[What the task asks] An exact transcript is required of the lines below, from the one containing "In either version, you" through the very last; leave every picture out of it.

[Data below]
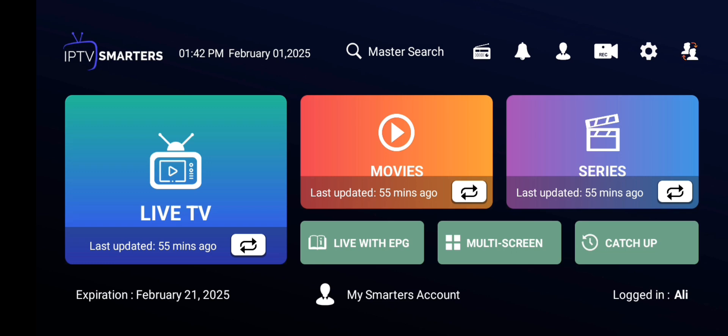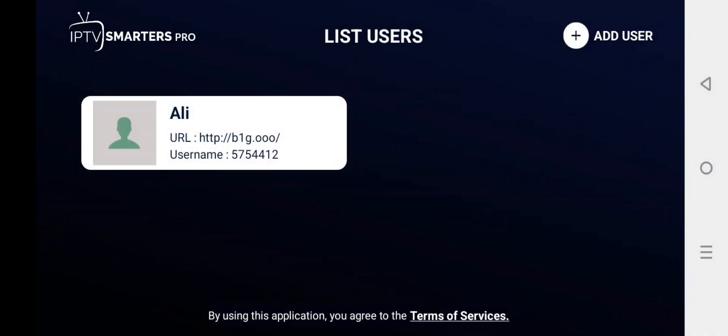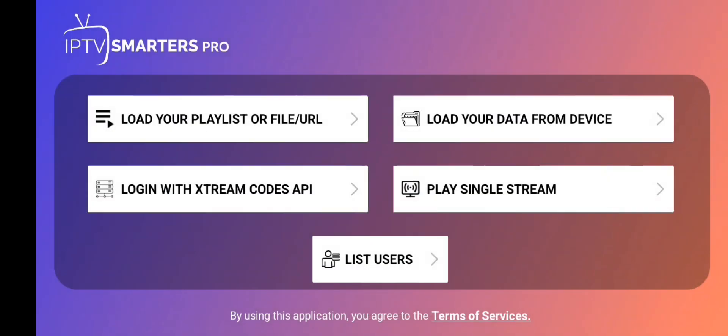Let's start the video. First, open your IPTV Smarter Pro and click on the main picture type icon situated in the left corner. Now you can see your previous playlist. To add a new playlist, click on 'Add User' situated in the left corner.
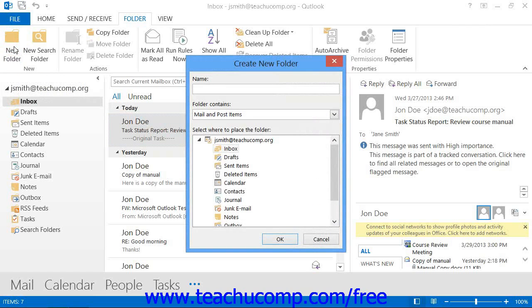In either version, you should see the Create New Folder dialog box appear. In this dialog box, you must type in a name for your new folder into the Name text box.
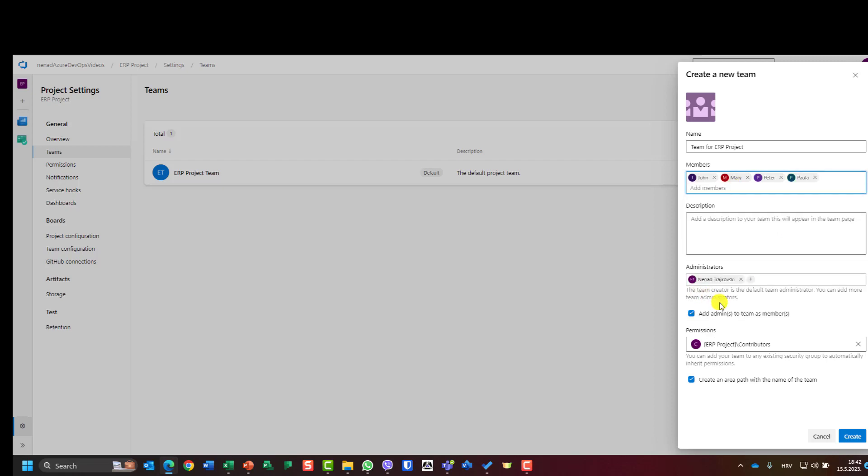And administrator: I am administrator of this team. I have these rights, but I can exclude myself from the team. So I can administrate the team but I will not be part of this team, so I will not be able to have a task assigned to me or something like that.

[Solution to this exercise]
In either version, you should see the Create New Folder dialog box appear. In this dialog box, you must type in a name for your new folder into the Name text box.
And administrator: I am administrator of this team. I have these rights, but I can exclude myself from the team. So I can administrate the team but I will not be part of this team, so I will not be able to have a task assigned to me or something like that.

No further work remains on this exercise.